Gary Gensler Refers to Stablecoins as Poker Chips
One area where the regulators are paying heavy attention is the unregulated stablecoins markets. Gensler said that the main use of the fiat-pegged stablecoins is to serve as a settlement tool in DeFi. A settlement tool in DeFi basically refers to a financial tool that enables lending, borrowing, and trading crypto assets without the need of any third-party intermediaries.

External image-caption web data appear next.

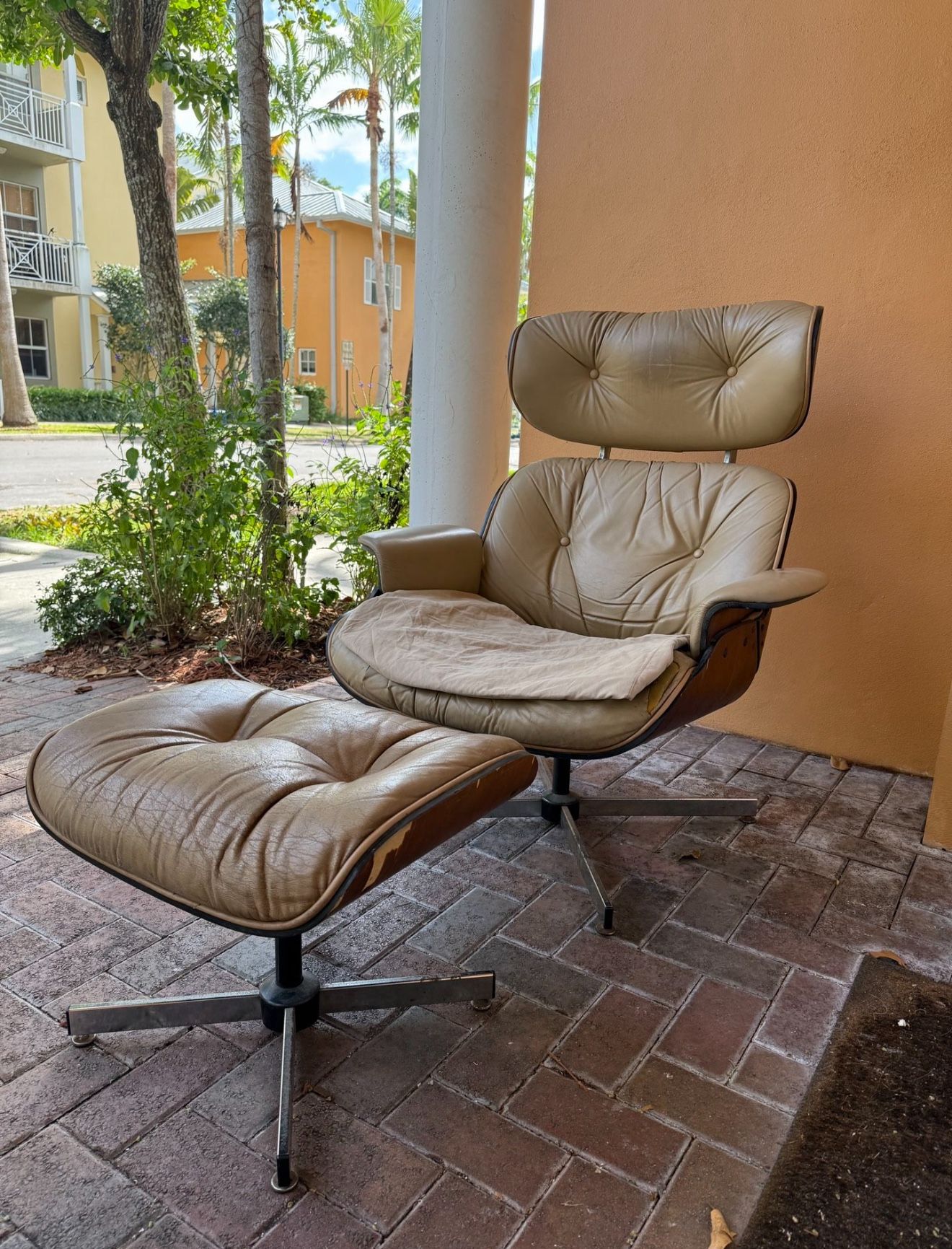 REAL Mid century Eames Lounge Chair MCM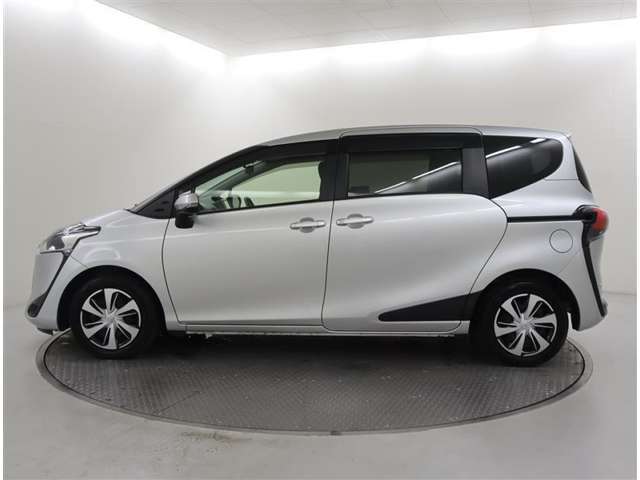 両側パワースライドドア付きだから、狭い駐車スペースなどでの 乗り降りラクラク！小さなお子さまのいるご家庭には嬉しい装備。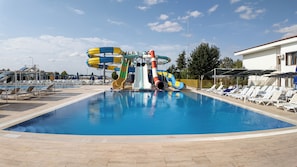 3 piscinas al aire libre, sombrillas, tumbonas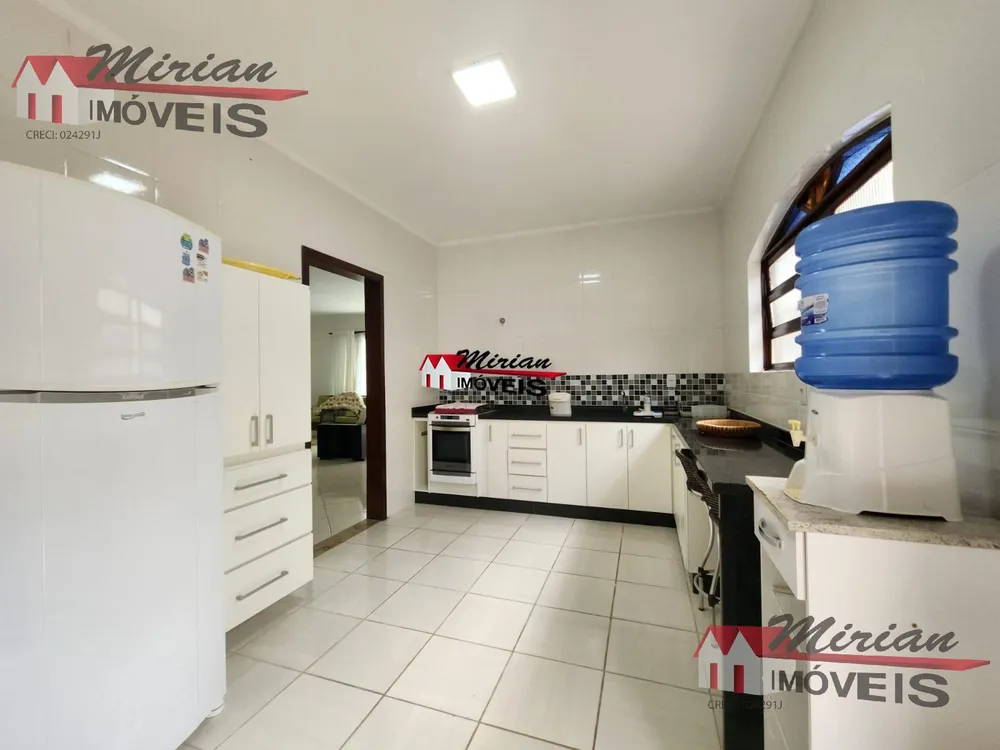 Casa, 3 quartos, 358 m² - Foto 9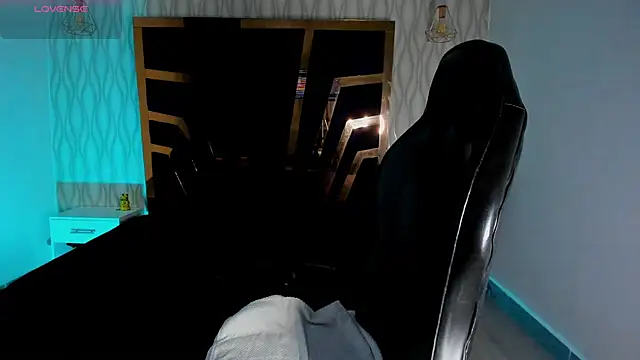 Snapshot of Brad_Summer chatting on 01/12/26, 05:31 Brad Summer online show from 01/12/26, 05:31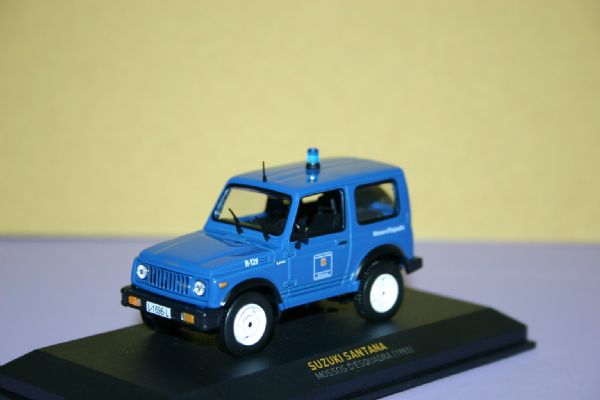 Vehiculo Miniatura Suzuki Santana de Mossos D'Esquadra 1.985.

The SEC chair also referred to stablecoins as “poker chips” and called for immediate regulations. He added that the cryptocurrency market lacks enough protection for investors and is largely prone to manipulation. During his interview with Yahoo Finance, Gensler added:
The public benefits by knowing full and fair disclosure and that someone’s not lying to them. You get to decide what risks you want to take, but the person raising the money and the person selling you those financial assets ought to not defraud you, ought to give you the information so you can make your decisions.
The SEC has some rules in place to categorize an investment firm. Gensler’s pointed out the SEC’s review of crypto lender BlockFi earlier this year wherein it found that it was non-compliant and was working as an unregistered investment company.
Later in February 2022, BlockFi had to pay $100 million as part of the settlement with the SEC. Gensler said that the company was in trouble because of its lack of information to investors. “There is a path forward for these lending companies,” he added.
Working with stakeholders
The SEC chair further added that the regulator will continue to work with three major crypto players – exchanges, broker-dealers, and lending institutions. He also said that the securities regulator is keeping a watch on the broader crypto space.
Furthermore, Gensler added that SEC will work with bank regulators and the Commodity Futures Trading Commission (CFTC) to cover the full scope of crypto regulations.